As the day progressed, little things began amplifying my gratitude. First, an e-mail from a new friend asking me why a book we'd both read was meaningful to me. I pulled out the book, re-read some underlined passages. We agreed to talk later in the day. Then, Manfred Mann's cover of I Think It's Going To Work Out Fine played on the radio on my drive to get coffee. After that song transported me, I mused about the mental detour and then wrote about it in my journal. Later indulged in some Atlas riffing when an essay I'd started reading before opening my e-mail reminded me I was ignorant of the pertinent geography mentioned. And so went the rest of this special not-so-special day.  

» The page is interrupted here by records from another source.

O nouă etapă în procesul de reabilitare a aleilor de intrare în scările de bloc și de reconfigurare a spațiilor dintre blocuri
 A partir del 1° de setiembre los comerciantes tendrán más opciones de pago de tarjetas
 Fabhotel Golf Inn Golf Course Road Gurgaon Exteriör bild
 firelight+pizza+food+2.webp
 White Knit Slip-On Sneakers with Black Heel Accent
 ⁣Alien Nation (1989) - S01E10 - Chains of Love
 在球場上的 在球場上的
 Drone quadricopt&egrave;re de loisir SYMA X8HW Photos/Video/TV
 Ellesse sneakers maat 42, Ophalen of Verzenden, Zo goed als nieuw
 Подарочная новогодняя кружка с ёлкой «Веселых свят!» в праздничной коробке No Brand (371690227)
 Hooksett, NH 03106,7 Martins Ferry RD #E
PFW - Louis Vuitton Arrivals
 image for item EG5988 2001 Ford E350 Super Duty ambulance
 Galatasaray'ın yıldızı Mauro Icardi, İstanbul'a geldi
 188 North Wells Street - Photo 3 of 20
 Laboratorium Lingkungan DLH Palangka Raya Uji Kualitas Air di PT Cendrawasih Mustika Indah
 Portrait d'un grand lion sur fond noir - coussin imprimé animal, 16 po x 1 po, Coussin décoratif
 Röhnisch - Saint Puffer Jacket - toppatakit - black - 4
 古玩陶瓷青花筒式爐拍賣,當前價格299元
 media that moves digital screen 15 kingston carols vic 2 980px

I suspect my tidbit has lingered with me largely because I had a strong sense many years back what I would be doing when I retired. 

Saturday, June 1, 2024

I've Got Your Number (#4)

Ready for the latest challenge in this series? 

Start by identifying the twentieth century year linked with the four phrases below, each extracted from a well-known piece of popular culture. The four are listed chronologically:

1.) Oh what a night
2.) He loved Big Brother
3.) No one ever left alive
4.) Tonight I'm going to party

Next, answer the three questions below related to the number of years separating #1 from #2, #2 from #3, and #3 from #4. 

What popular game - also referred to by a rhyming word - matches the number of years between #1 and #2?

What do the songwriters Marvin Hamlisch and Harry Nillson have in common with the number of years separating #2 and #3? 

Append "92" to the number of years separating #3 and #4. What historical significance is attached to this date? 

Bonus question for the truly geeky among you: Which well-known Frank Sinatra song did I initially consider as an alternate title for the 4th iteration in this nerdy series?